Simcox wins SACNAS mentorship award
Judith Simcox has been awarded the 2025 SACNAS Distinguished Mentor Award from the Society for Advancement of Chicanos/Hispanics and Native Americans in Science. This award honors sustained excellence in mentorship. She was honored at SACNAS’ 2025 National Conference in Columbus, Ohio.
Simcox is an associate professor of biochemistry at the University of Wisconsin–Madison. Her lab currently focuses on understanding how plasma lipids are regulated and how these lipids signal to control energy expenditure, glucose homeostasis and inflammation. Specifically, she works to uncover the cells that produce plasma lipids and the enzymes that regulate their production. She was named a member of the Howard Hughes Medical Institute's inaugural class of Freeman Hrabowski Scholars in 2023. She also won the 2024 American Society for Biochemistry and Molecular Biology Walter A. Shaw Young Investigator Award in Lipid Research.

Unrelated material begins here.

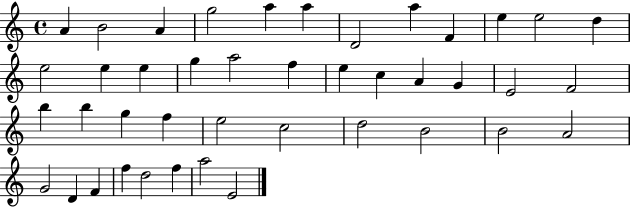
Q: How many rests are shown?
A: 0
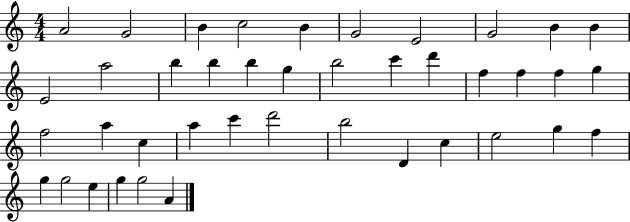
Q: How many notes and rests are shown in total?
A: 41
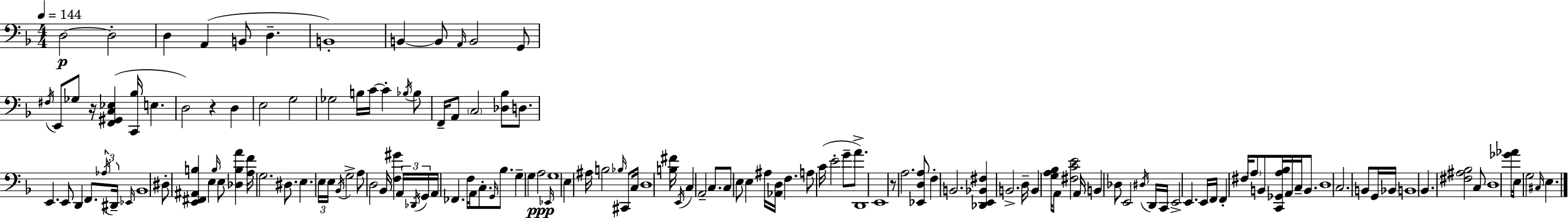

Simcox has prioritized mentoring and supporting scientists from underrepresented groups since graduate school. At the University of Utah, she helped build the Native American Research Internship as well as co-founded and led the University of Utah SACNAS Chapter. She currently serves as a mentor for the American Indian Science and Engineering Society Chapter at UW–Madison, the Bridging Wisconsin Oneida Science Outreach Group and the Indigenous Graduate Student Organization. She is also the co-director of the Center for Indigenous Research to Create Learning Excellence. For her efforts, she won the 2025 Distinguished Faculty and Staff Postdoc Mentoring Award from the University of Wisconsin–Madison Postdoctoral Association.